Blog dedicated primarily to randomly selected news items; comments reflecting personal perceptions

Sunday, October 15, 2017

Avoiding Islamophobia

"We're still waiting for a march against honour killings, child marriages, polygamy, sex slavery or female genital mutilation."
Ayaan Hirsi Ali and Asra Q. Nomania (Muslim Reform Movement)

"If one finds white male sexism intolerable, then one should find all male sexism just as intolerable. Excusing men of colour, Muslims, immigrants or men living in non-Western societies for bad behaviour toward women is an expression of the bigotry of low expectations."
"The result of this mindset is that Christianity is criticized for every misstep against women but Islam is protected from the glare of scrutiny."
Ayaan Hirsi Ali, ex-Muslim Somalian, writer, activist

"What I describe as a 'faux feminism' has arisen in the last 30 years, a postmodern and post-colonial feminism that passionately condemns Christianity and Judaism but dares not critique religiously supremacist Islam for this same reason."
"[Today's Western feminists] are too nervous about being called Islamophobes, racists or colonialists] to dedicate themselves to rescue of victims of rape from Islamic communities]."
"In recent years, I fear that the 'peace and love' crowd in the West has refused to understand how Islamism endangers Western values and lives, beginning with our commitment to women's rights and human rights. The Islamists who are beheading civilians, stoning Muslim women to death, jailing Muslim dissidents, and bombing civilians on every continent are now moving among us both in the East and in the West. While some feminist leaders and groups have come to publicize the atrocities against women in the Islamic world, they have not tied it to any feminist foreign policy. Women's studies programs should have been the first to sound the alarm. They do not. More than four decades after I was a virtual prisoner in Afghanistan, I realize how far the Western feminist movement has to go."
Phyllis Chesler, American feminist
Women wearing the Chador.
Women wearing the Chador. Getty Images

The campaign by women fed up with their secondary, unentitled place in society engaged in a protracted campaign to shame society with the understanding that in institutionalizing a social contract that diminished the stature and the intelligence and opportunities of women, not only were women and their children suffering great harm, but society itself, like those it targeted, would never reach its full aspirational potential. Equal-pay legislation, marital rights, equal access to education, opening up politics and the professions to women has enabled Western societies to move forward and grow.

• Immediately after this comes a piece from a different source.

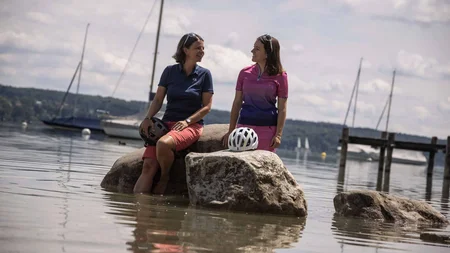 Zwei Frauen mit Fahrradhelmen sitzen auf Steinen im Wasser an einem See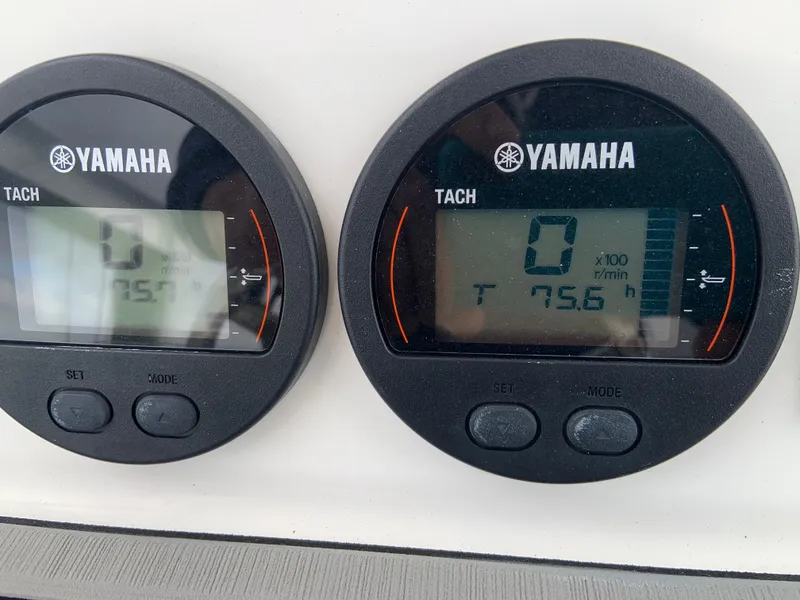 Slide: The Image of Yamaha tachometers on a 2019 Sea Fox 266 Commander boat dashboard, displaying engine hours. - 4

All of which have been a tremendous benefit to the societies which finally accepted equality for both genders in every aspect of social, political, and working life. Yet, since those victories were established, with feminists forever cautious that nothing occur to set back the advances that took so many years to accomplish, it is women in the West who have benefited, not women universally. There were overtures to some societies to improve the lives of women virtually held in bondage to patriarchal societies who were condemned for the strictures they placed on women's lives.

But the issue of women living under Shariah law in Islamic countries where it is traditional and a vital part of the culture to assert female inferiority to the place of men has been consistently and deliberately overlooked. Women who ascribe great value in the feminist ideal and the men who support them have hesitated to criticize those cultural practices that dominate and repress women. Ayaan Hirsi Ali, a fierce critic of Islam and Asra Q. Nomania, co-founder of the Muslim Reform Movement recently called upon western feminists to re-adjust their focus.

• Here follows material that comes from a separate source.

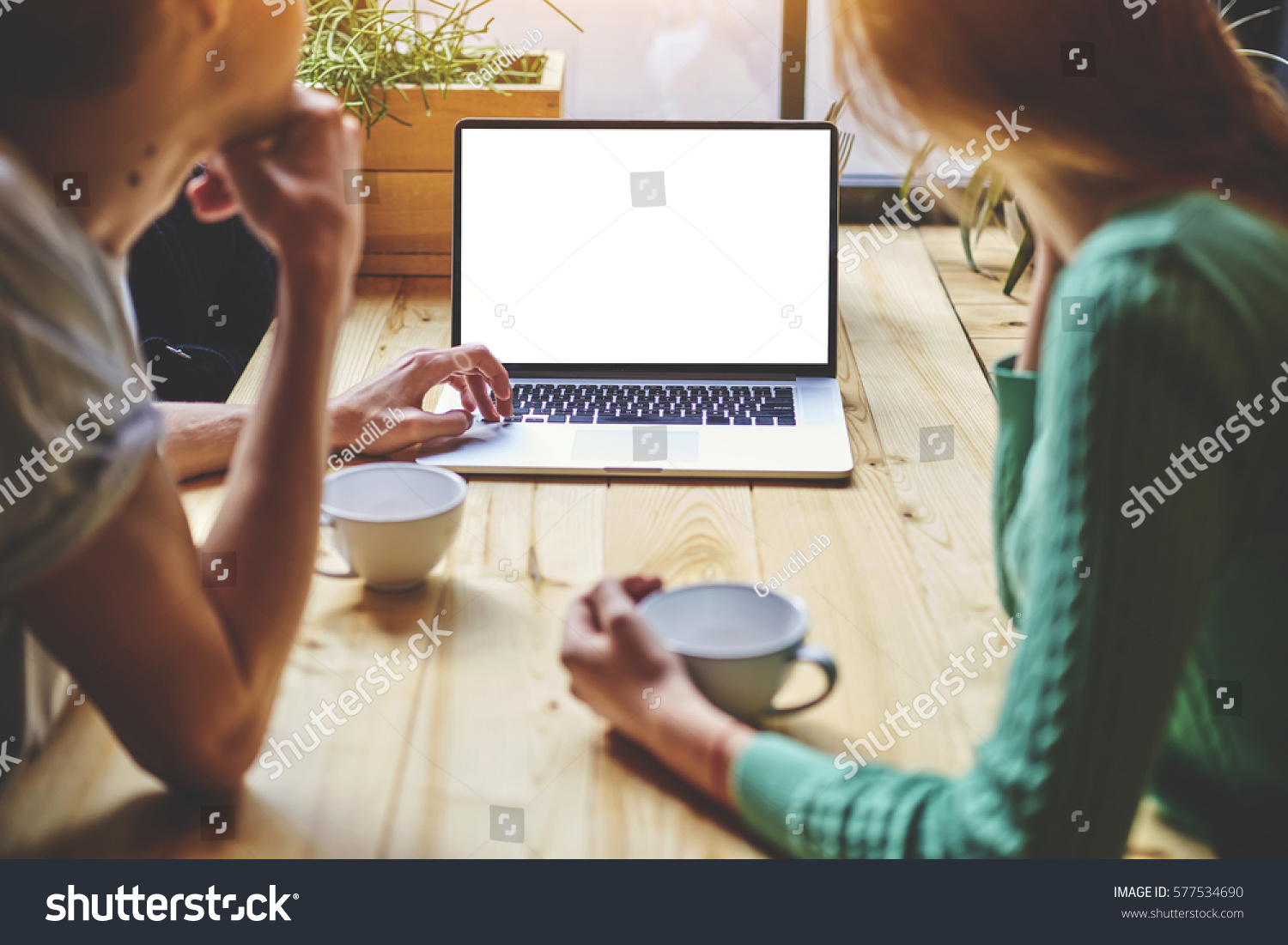 Rear view shot of hipster man keyboarding for search information in internet by using net-book. Female person look on blank mock up screen of laptop computer. Friends having coffee during recreation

Noting the women's march across the United States decrying the ascension of a crude sex predator to the presidency of the United States, they declared their dissatisfaction, yet while bringing attention to a man whose exploits as a braggart and a bully has brought infamy to the office of the president, pay no attention whatever to the plight of women and girls living in Islamic societies, both abroad and within Western countries where the cultural and religious traditions that have kept women as disadvantage chattels were brought as baggage to be practised in the West.

Feminists, so swift to denounce Western men for not recognizing women as equals and respecting them for the same traits and capabilities that men gain respect for, have chosen to overlook the attitudes and behaviours of Muslim men. Are they regarded as underdogs and therefore to be pitied should they be deprived of "their last source of pride: their domination over their women"? For this is what Islam views as a man's 'honour', that complete control of a woman be exerted. Any Muslim woman's father, brother, uncle, husband, son or brother-in-law has explicit control over her, dominating her life as seen fit lest family honour be shamed.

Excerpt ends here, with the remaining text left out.